Summarized by Mike Vorkunov of The Athletic (subscription required), Silver hinted at continuing a more gradual set of changes to keep NBA games competitive deep into the season, rather than push through large changes all at once:
“Not to exactly forecast where we’re
going, but I think I’m sort — I am an incrementalist,” Silver continued. “I think we got to be a little bit careful, you know, about how huge a change we make at once. I’m not ruling anything out, but I am paying attention to that. And then there’s something significantly more than, I would say, just tinkering with the existing system.”
Silver mentioned the WNBA as an example. The WNBA takes the last two seasons of records into account for non-playoff teams and bases the lottery odds on those.
Silver also addressed the “tension” between teams that are actually trying to win but they’re bad, and teams who are pulling shenanigans to lose more games:
I do think, and this is the tension, there are legitimate rebuilds where you have young teams, they’re genuinely trying to win games. They’re out there trying to win night in, night out. There are also situations where you have teams this used to be more toward the end of the season … where you want to see the young players playing under game circumstances and those wins aren’t as important. I don’t view that as the kind of tanking we’re experiencing right now. So incentives are off.”
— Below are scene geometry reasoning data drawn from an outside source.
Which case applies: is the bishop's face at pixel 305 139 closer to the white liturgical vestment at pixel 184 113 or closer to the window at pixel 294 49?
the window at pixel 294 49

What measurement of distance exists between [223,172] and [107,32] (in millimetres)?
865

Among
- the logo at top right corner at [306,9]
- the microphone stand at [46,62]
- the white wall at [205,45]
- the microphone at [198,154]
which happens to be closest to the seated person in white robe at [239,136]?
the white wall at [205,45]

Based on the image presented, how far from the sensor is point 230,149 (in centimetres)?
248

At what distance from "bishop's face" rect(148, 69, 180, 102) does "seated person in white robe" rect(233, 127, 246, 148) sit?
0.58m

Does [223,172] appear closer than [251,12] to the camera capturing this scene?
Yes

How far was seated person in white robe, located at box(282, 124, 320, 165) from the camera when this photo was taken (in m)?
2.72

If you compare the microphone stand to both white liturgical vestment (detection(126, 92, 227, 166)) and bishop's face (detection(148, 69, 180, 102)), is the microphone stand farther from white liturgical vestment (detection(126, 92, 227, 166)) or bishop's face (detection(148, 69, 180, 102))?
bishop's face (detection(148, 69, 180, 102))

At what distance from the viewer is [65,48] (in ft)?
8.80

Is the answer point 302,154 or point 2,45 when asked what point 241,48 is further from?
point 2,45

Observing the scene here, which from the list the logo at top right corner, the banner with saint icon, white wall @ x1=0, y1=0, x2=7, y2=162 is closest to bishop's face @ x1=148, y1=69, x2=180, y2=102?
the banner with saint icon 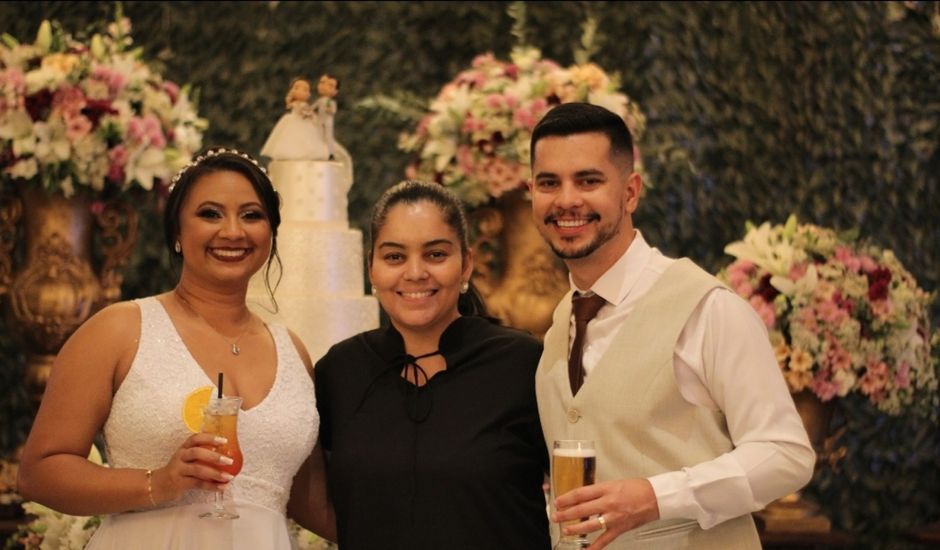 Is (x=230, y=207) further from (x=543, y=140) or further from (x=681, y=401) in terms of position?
(x=681, y=401)

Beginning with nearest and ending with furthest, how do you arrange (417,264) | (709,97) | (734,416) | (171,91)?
1. (734,416)
2. (417,264)
3. (171,91)
4. (709,97)

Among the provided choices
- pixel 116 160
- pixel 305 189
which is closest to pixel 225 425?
pixel 305 189

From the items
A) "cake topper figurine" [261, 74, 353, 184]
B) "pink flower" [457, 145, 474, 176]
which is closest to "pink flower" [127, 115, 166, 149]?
"cake topper figurine" [261, 74, 353, 184]

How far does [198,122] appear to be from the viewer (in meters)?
5.25

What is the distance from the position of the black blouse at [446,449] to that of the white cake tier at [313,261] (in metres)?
1.44

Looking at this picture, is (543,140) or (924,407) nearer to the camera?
(543,140)

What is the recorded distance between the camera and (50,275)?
4957 millimetres

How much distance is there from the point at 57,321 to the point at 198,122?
91 centimetres

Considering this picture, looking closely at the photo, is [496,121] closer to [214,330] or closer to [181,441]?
[214,330]

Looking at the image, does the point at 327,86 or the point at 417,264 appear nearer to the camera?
the point at 417,264

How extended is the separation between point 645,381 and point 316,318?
2001 mm

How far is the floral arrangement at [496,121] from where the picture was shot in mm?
5043

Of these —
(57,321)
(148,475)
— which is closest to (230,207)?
(148,475)

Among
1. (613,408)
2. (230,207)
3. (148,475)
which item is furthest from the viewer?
(230,207)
Silver also repeated a narrative that has been floated in NBA podcasting circles: that this upcoming draft is stronger than usual and therefore the tanking has been particularly egregious:
“It’s a little bit of a perfect storm this season, that you have a perceived, very deep draft,” Silver said. “Again, I say perceived because scouts’ predictions are wrong. But there’s a sense that you have four players in particular, maybe five, who are true game changers. You add to that a forecast that the next two years drafts won’t be as good, and you create enormous incentive for teams to tank and I add on top of that, and this also goes to this basketball’s life notion there’s been sort of destigmatization around certain behaviors.”
Silver and the NBA fined the Utah Jazz last month for pulling a few key players from the end of two games, and fined the Indiana Pacers (after an independent physical evaluation) for sitting players who were deemed fit to play.